_What is expected:_
With the pictures omitted, set down exactly the lines from the one that contains "201 - Model 16 Hunting Horn with Strap" through the last line of the data.

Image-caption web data
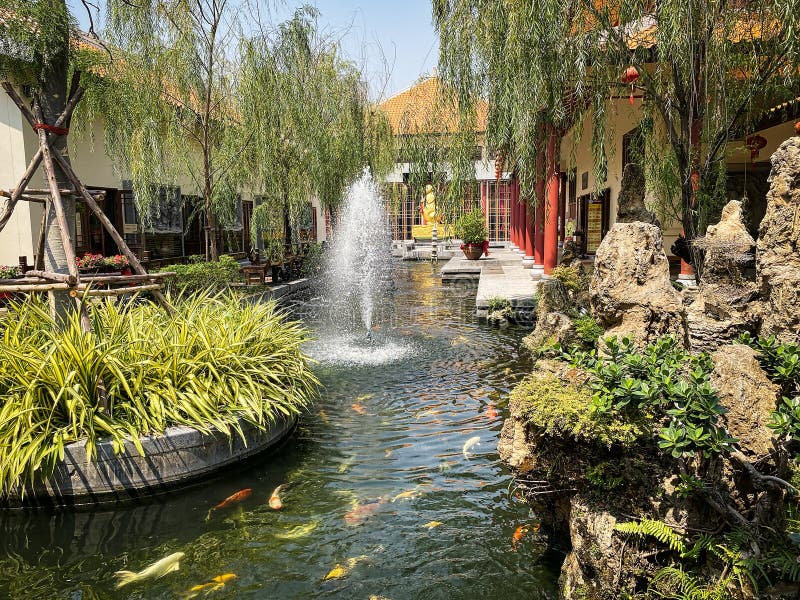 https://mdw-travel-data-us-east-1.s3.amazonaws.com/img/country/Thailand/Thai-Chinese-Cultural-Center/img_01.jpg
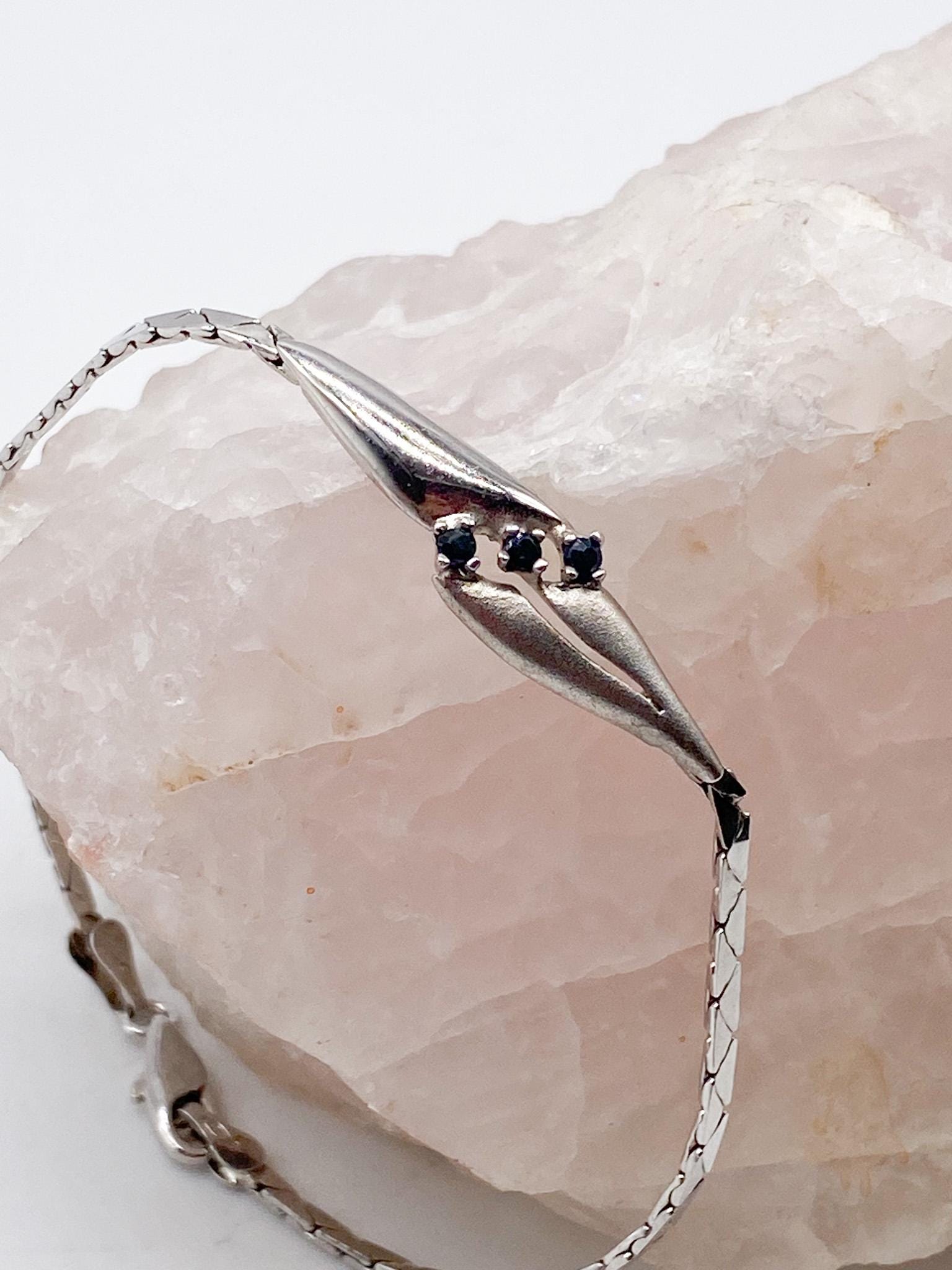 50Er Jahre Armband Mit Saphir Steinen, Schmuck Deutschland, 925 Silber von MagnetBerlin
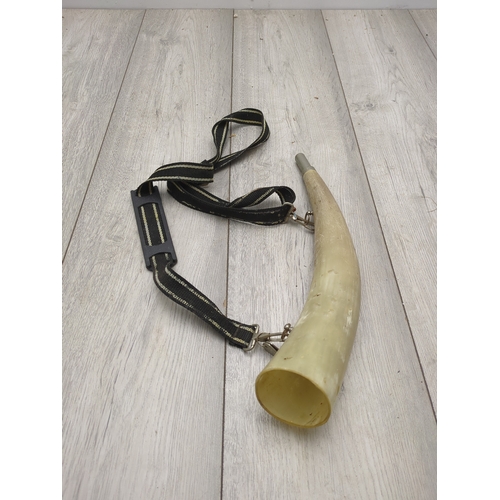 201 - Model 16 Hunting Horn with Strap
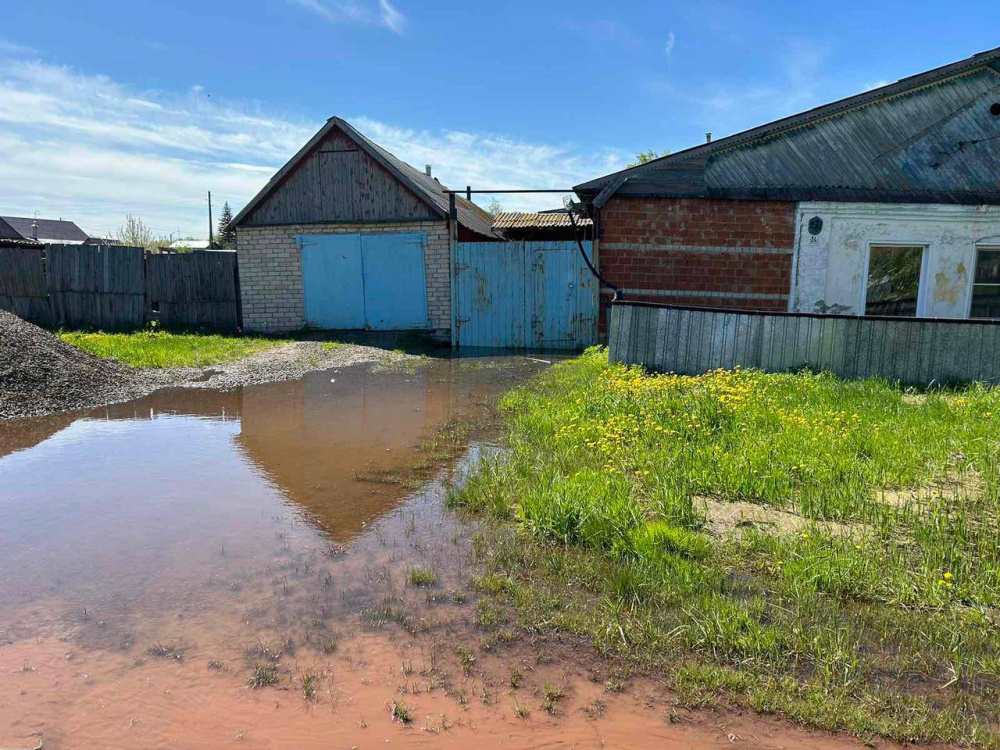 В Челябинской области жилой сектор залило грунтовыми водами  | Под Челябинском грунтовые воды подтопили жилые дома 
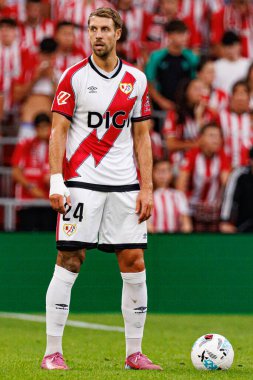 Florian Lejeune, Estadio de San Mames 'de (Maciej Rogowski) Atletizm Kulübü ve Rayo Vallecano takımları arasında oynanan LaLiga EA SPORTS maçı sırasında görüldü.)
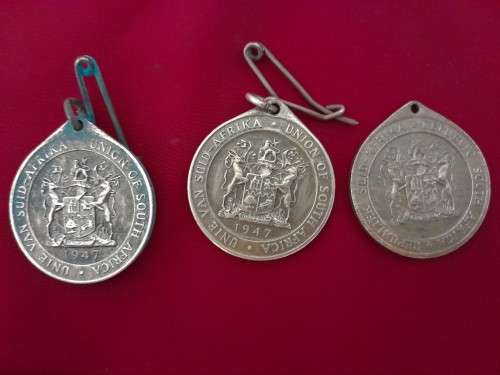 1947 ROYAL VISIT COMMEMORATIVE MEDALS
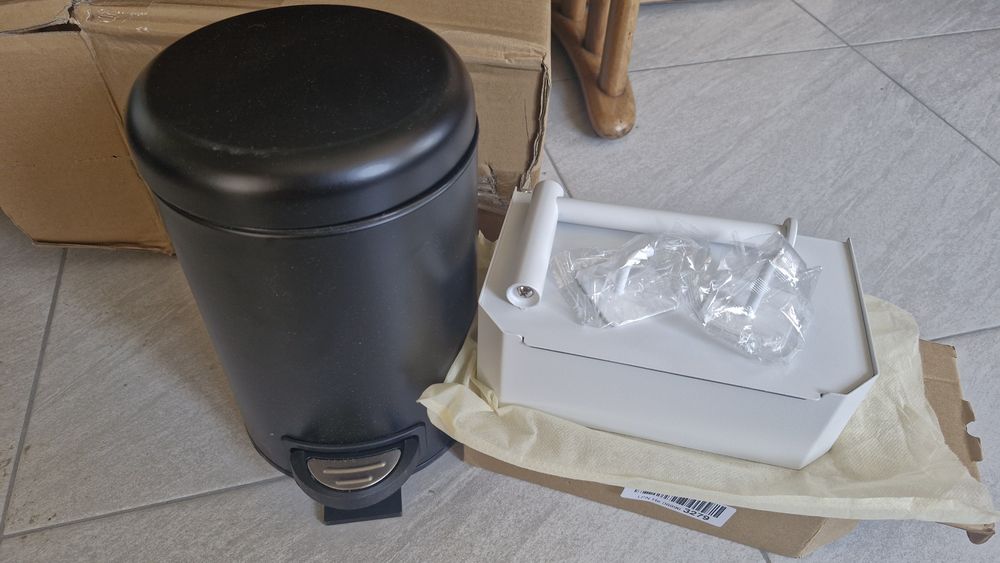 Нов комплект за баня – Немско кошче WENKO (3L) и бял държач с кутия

_Solution for this problem:_
 201 - Model 16 Hunting Horn with Strap
 В Челябинской области жилой сектор залило грунтовыми водами  | Под Челябинском грунтовые воды подтопили жилые дома 
 Florian Lejeune, Estadio de San Mames 'de (Maciej Rogowski) Atletizm Kulübü ve Rayo Vallecano takımları arasında oynanan LaLiga EA SPORTS maçı sırasında görüldü.)
 1947 ROYAL VISIT COMMEMORATIVE MEDALS
 Нов комплект за баня – Немско кошче WENKO (3L) и бял държач с кутия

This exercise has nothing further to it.